There’s been an increase in employment scams pertaining to mystery/secret shopper positions, according to the Internet Crime Complaint Center (IC3). The reason the secret shopper scam is so believable is because many retail and service corporations do hire evaluators to perform secret or random checks on their competitors. Scammers know this and capitalize on the opportunity.

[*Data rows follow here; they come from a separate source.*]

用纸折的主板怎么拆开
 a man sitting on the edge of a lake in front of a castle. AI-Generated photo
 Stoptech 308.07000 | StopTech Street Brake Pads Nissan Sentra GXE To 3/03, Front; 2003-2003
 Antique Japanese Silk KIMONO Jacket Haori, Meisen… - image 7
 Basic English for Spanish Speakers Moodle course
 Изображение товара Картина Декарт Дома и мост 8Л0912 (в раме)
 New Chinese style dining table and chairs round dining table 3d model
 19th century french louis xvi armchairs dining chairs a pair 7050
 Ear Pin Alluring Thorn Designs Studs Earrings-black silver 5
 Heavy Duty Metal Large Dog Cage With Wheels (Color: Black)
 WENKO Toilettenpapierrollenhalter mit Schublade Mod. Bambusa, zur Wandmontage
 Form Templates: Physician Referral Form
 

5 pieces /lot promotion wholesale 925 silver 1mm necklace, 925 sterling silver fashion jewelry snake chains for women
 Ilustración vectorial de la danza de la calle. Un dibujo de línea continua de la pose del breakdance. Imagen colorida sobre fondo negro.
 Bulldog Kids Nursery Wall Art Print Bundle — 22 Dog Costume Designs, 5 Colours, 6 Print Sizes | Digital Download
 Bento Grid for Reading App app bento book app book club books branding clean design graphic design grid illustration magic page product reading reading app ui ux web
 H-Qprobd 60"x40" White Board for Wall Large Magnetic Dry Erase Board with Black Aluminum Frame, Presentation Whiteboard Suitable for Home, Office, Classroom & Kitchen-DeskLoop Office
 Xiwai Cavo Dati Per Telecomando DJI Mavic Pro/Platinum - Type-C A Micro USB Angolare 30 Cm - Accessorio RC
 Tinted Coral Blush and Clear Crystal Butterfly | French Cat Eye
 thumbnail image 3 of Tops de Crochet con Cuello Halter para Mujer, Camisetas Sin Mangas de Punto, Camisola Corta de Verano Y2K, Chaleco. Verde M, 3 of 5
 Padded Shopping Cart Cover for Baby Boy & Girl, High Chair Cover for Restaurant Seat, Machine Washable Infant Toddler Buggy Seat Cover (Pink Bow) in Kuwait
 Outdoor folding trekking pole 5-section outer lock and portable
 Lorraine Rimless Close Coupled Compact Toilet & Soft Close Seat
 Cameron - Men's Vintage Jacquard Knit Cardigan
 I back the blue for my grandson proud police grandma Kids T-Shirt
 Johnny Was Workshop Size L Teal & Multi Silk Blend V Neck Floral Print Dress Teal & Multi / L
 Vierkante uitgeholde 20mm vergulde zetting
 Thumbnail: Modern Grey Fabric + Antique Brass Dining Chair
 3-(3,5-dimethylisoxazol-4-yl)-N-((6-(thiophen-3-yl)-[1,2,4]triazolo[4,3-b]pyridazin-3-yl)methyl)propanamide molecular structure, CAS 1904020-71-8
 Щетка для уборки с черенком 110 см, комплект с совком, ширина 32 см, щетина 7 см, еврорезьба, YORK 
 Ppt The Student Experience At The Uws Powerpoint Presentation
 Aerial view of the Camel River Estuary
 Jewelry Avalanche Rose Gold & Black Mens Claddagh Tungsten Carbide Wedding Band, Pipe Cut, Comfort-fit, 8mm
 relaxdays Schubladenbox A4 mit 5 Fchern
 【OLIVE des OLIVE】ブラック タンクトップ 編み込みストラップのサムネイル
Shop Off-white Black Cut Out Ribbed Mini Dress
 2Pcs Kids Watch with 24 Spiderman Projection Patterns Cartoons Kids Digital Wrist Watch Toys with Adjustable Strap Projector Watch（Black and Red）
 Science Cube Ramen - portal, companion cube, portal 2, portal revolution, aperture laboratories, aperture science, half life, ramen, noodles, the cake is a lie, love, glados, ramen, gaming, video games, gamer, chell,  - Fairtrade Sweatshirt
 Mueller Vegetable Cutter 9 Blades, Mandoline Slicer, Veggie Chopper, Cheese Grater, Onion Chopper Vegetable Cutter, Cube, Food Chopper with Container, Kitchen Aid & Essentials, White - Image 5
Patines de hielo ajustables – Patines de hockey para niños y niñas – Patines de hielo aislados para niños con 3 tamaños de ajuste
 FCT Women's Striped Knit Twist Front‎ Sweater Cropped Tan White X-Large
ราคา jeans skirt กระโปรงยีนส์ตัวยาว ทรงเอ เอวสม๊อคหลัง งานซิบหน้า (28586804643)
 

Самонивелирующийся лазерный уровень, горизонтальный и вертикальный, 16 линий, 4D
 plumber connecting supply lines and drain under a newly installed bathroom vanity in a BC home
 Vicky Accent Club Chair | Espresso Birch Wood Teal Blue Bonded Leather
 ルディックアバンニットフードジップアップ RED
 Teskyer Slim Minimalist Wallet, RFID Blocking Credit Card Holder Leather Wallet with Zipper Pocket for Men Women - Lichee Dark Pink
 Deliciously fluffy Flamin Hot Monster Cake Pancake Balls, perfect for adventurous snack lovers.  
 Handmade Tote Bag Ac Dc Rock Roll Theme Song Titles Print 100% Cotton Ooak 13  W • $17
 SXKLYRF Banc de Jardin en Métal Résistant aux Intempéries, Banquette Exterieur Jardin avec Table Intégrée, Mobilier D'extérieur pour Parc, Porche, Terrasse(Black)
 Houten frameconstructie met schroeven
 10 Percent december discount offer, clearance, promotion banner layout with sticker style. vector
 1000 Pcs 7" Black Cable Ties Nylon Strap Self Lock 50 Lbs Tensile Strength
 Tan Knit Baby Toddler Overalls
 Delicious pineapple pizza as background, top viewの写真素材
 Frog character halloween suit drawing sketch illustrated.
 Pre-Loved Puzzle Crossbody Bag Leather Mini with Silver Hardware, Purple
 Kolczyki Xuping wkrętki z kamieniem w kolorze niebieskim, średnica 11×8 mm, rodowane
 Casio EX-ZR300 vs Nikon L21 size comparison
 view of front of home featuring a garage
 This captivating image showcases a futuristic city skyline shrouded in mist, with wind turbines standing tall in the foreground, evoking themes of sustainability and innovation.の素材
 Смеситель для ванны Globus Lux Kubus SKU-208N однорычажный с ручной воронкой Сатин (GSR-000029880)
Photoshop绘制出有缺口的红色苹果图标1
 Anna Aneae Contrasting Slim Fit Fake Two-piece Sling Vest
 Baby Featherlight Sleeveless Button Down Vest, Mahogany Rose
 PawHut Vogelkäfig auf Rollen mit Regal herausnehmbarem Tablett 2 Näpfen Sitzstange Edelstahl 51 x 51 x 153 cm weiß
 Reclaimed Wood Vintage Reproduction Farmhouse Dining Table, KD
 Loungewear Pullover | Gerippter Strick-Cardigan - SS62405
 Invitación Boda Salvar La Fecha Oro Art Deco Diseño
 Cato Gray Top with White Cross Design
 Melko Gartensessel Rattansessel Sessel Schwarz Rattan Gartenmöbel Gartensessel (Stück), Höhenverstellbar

Victims have reported to the IC3 they were contacted via e-mail and U.S. mail to apply to be a mystery shopper. Applicants send a resume and are told that they will be subject to an extensive background check before being accepted as a mystery shopper. The employees are sent a check with instructions to shop at a specified retailer for a specific length of time and spend a specific amount on merchandise from the store. The employees receive instructions to take note of the store’s environment, color, payment procedures, gift items, and shopping/carrier bags and report back to the employer. The second evaluation is the ease and accuracy of wiring money from the retail location. The money to be wired is also included in the check sent to the employee. The remaining balance is the employee’s payment for the completion of the assignment. After merchandise is purchased and money is wired, the employees are advised by the bank the check cashed was counterfeit, and they are responsible for the money lost in addition to bank fees incurred.
In other versions of the scheme, applicants are requested to provide bank account information to have money directly deposited into their accounts. The criminal then has acquired access to these victims’ accounts and can withdraw money, which makes the applicant a victim of identity theft.